あり得るかもしれないとつい思ってしまう作品で、何度読んでもひきこまれます。
お読みいただき、また、レビューまでお寄せいただき、まことにありがとうございました。

放射能に感染症……現実の世界でも、社会現象になるほどの恐怖や不安を生みながら、そしてそれ自体は決してなくなった訳ではないのに、いつの間にか大きく取りざたされなくなったもの、あるかと思います。蝶の奇病を通して、危険と隣り合わせの平穏の不思議さを考えていただきたいという意図もありました。

そして主人公の「息苦しさ」も、穏やかで美しい幕切れに惹かれる想いも、多かれ少なかれ思い当たることがある方がいるのではないかと思っておりました。

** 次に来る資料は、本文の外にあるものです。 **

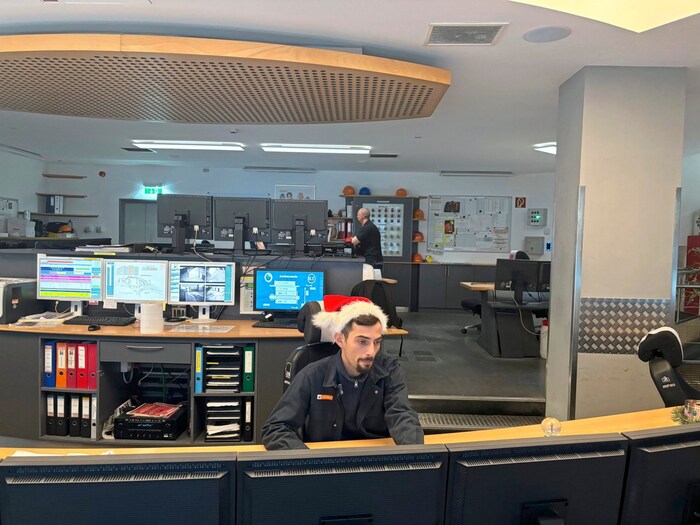 Pacolli at the waste incineration plant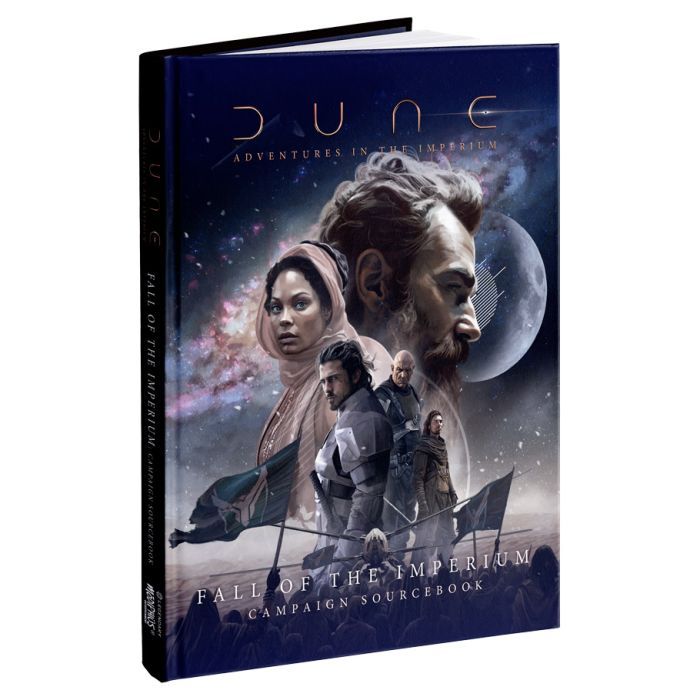 Dune RPG: Fall Of The Imperium - Fall Of The Imperium.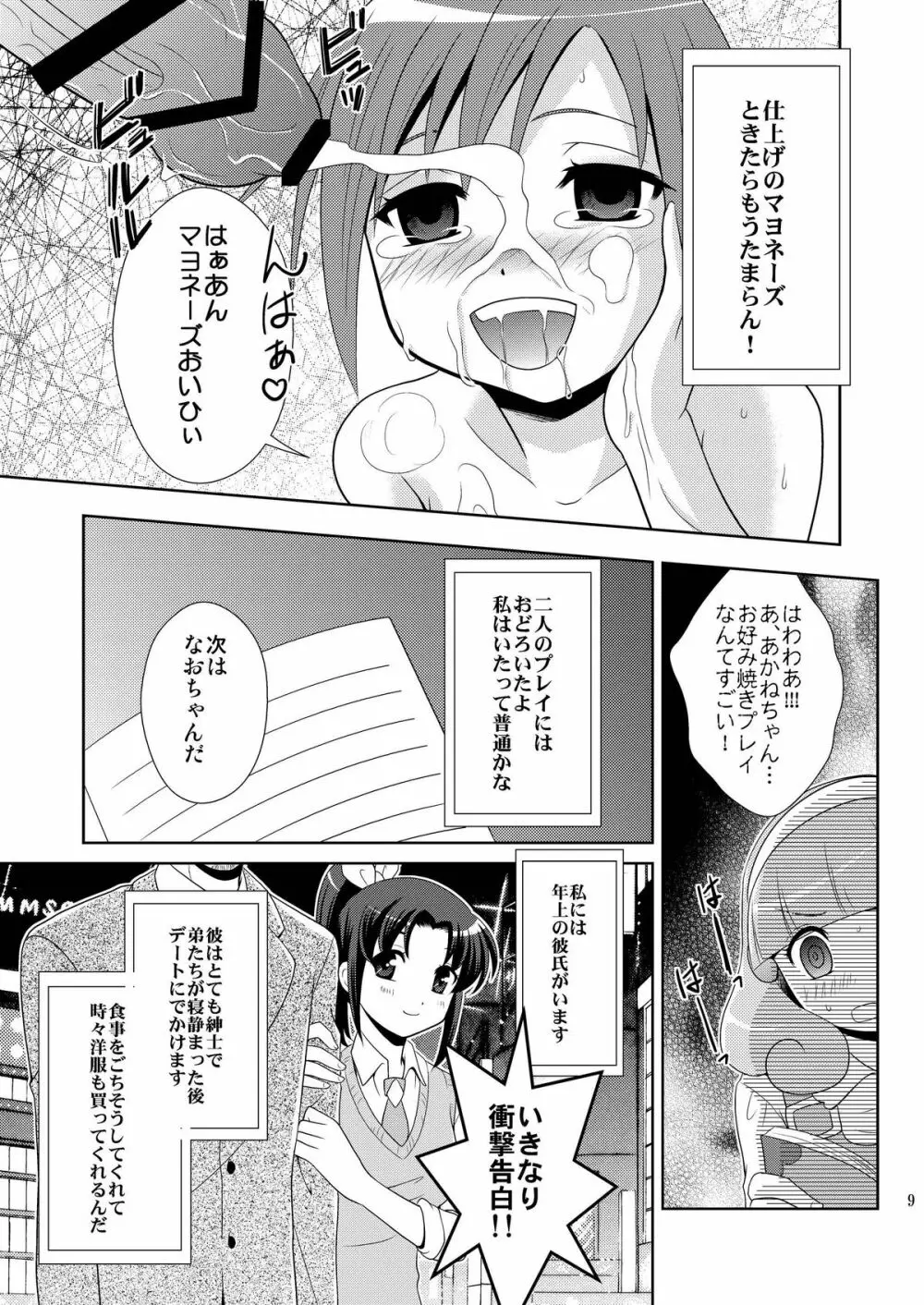 秘密の交換日記 Page.9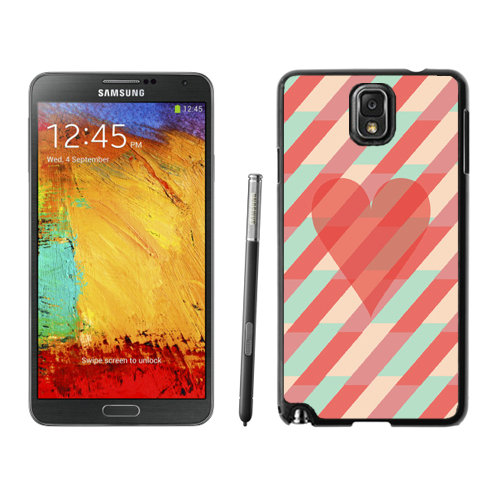 Valentine Colorful Love Samsung Galaxy Note 3 Cases DYI | Women - Click Image to Close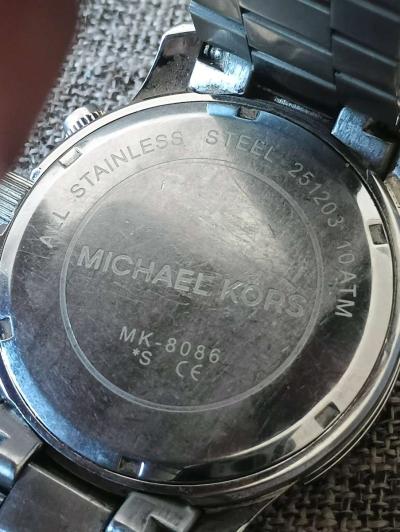 Michael Kors Silver Watch MK8086 - Thumbnail 4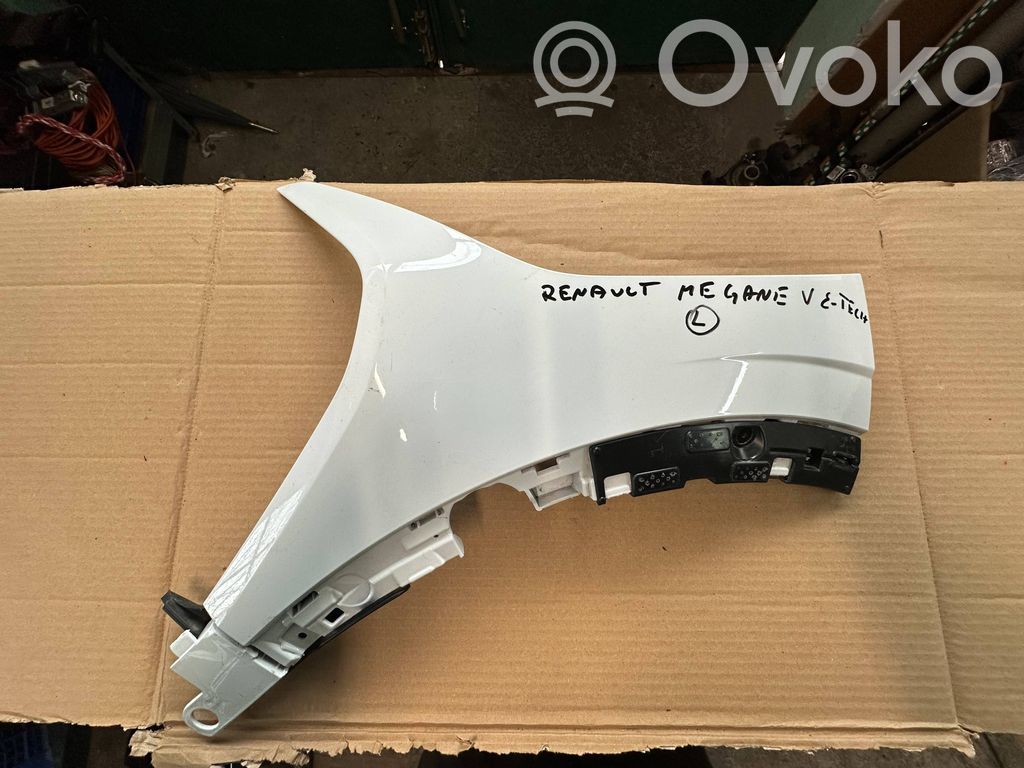Renault Megane E-Tech Front bumper 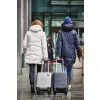 Mała walizka National Geographic Abroad granatowa 30l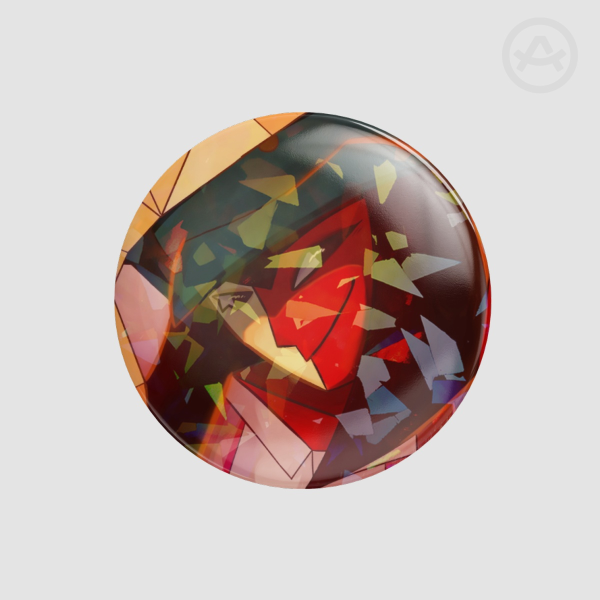 ENA Dream BBQ Pin / Badge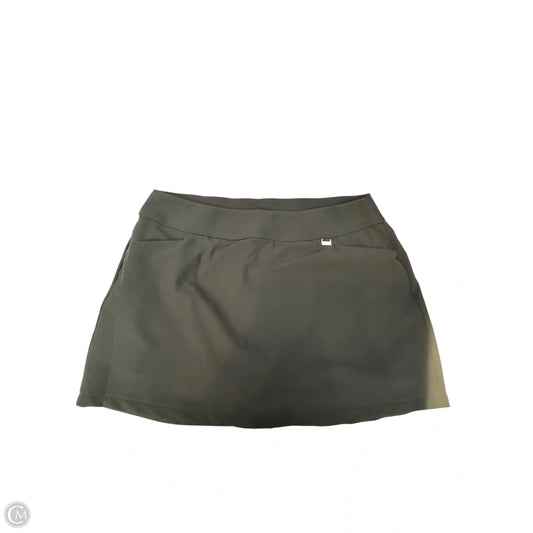 Athletic Skort By Gym Shark In Black, Size: Xl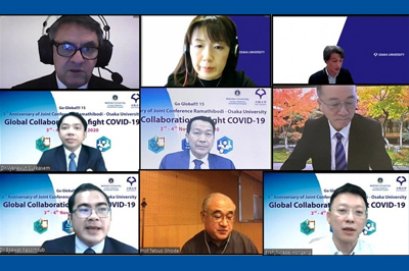 5th Anniversary of Joint Conference Ramathibodi - Osaka University - Global Collaboration to Fight COVID-19 -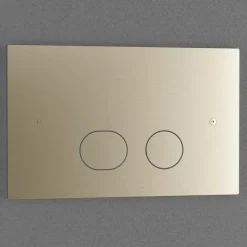 Huuhtelupainike Scandtap Steel Style Champagne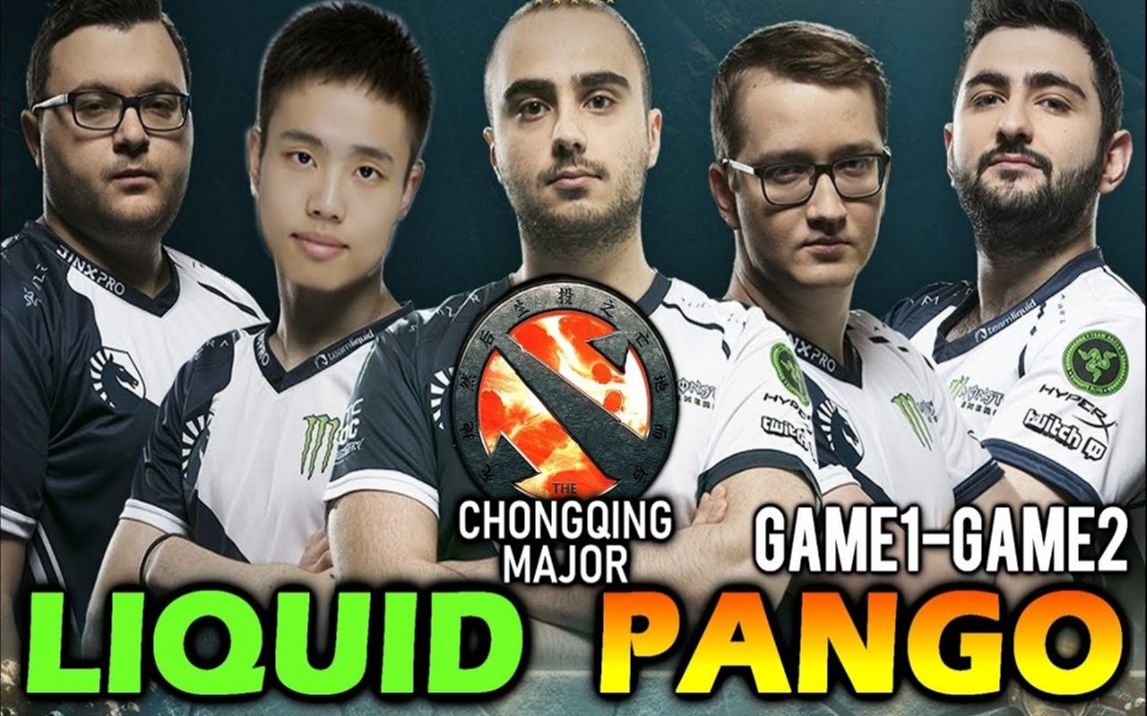 dota2 - team liquid vs pango重庆major,shadow替补奇迹哥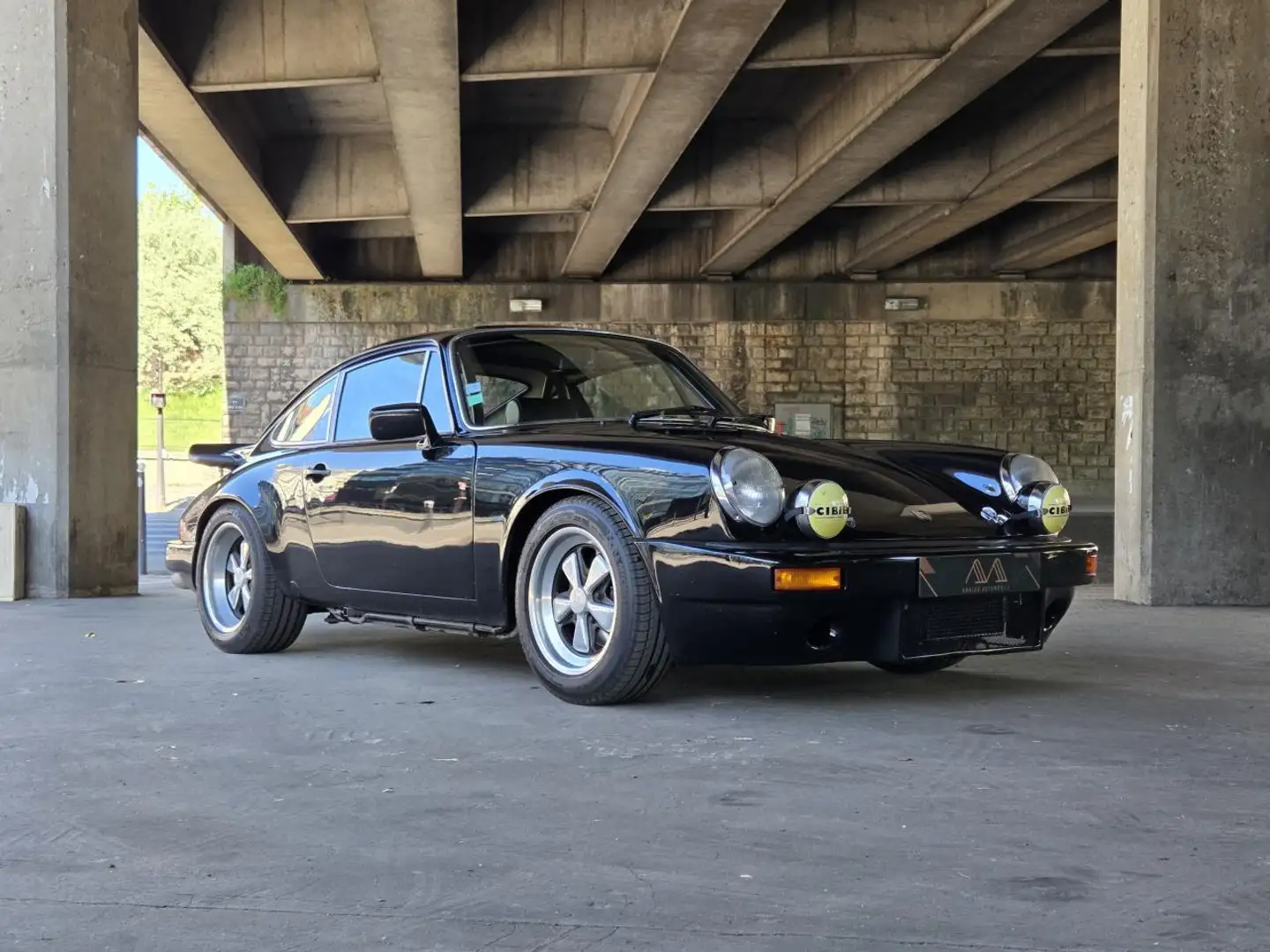 Porsche 911 TYPE G COUPE Carrera 3.0l Noir - 1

死という後ろ向きな願いであっても、ひたむきにまっすぐに成就を目指した彼女の生きざまに、想いを馳せていただければ幸いです。
[一言]
最初から最後まで私は主人公の気持ちでいっぱいでした。
溶け込みつつ、どうしてもうっすらと飛んでいきたいと願うような逃避傾向。
それが美しい蝶のイメージと重なって、それがまた描写がここに感じられるくらい、グロテスクなくらい美しくて、憧れざるを得ない主人公の気持ちがわかってしまう。
そのまま最後まで価値観を変えることなく成就することを願いました。
なので私はとてもハッピーだと感じてしまったのでした。
気持ち悪い感想失礼しました〜〜!
感想ありがとうございました。

SFなどでもそうなのですが、いわゆる「この世界」とは違う世界を効果的に読者に見せるために、作中世界に馴染めていないキャラクターを視点に据えることがあると思います。本作の主人公も、鱗粉が舞う世界で普通に暮らしつつ少しずれた「願望」を秘めていました。その彼女を通して舞い上がる蝶の美しさをお伝え出来ていたら良かったです。
彼女の願望は、ネガティブに取られてしまうかもしれないとも思っていたのですが、彼女にとってはこれしか道がないこと、何よりの救いのつもりで描きました。好意的に受け止めていただけてとても嬉しいです。
[一言]
完結おめでとうございます。

人が蝶を吐く奇病、鱗粉による感染、順応する社会……すべてが何かの暗喩のようにも思えました。花粉や紫外線や新型ウィルスや放射性物質や、現実の社会も数十年前には想像できなかったリスクに晒されていますが、根治はできなくても対処方法が広まっていますものね。「バタフライ・エフェクト」から社会秩序を取り戻すまでの過程が何ともリアルでした。テレビの鱗粉予報に蝶のマークが使われているあたり、今の我々からすると不謹慎に思えますが(人の生き死にが懸ってますからね……)、自然現象と同じく認知される頃にはそんなものかもしれません。映画にしてもそう。難病ものやデザスターパニックものの一ジャンルとして受け入れられていそうです。こういった巧みなシミュレーションが、ヒロインのどこか地に足が着かない内的世界と好対照でした。
羽化で直接命を落とす他にも、社会の変化で押し潰された人間がたくさんいることを知った上で、それでも羽化に憧れるヒロイン。その背徳的な想いの理由が最後に明かされた時はなるほどと納得しました。いわゆる醜形恐怖症なのでしょうか、外見描写がないので彼女の自己評価が事実かどうかは不明ですが(客観性をぼかしてるのも上手いな~)、羽化に救いを求める気持ちは分かる気がします。感染してから粛々と身辺整理を進める姿は、本当にこのためだけに生きてきたのだと寂しく感じるほど。おそらく鱗粉を浴びる前から、彼女の中には蝶しかいなかったのでしょうね。
もしも羽化現象のない世界なら、彼女はコンプレックスを抱えたまま怯えて生きていたのかもしれません。命と引き換えに魂を解き放つような羽化のシーンは、ひたすらに美しかったです。そういえば、ギシリャ神話では蝶は魂の象徴でしたね。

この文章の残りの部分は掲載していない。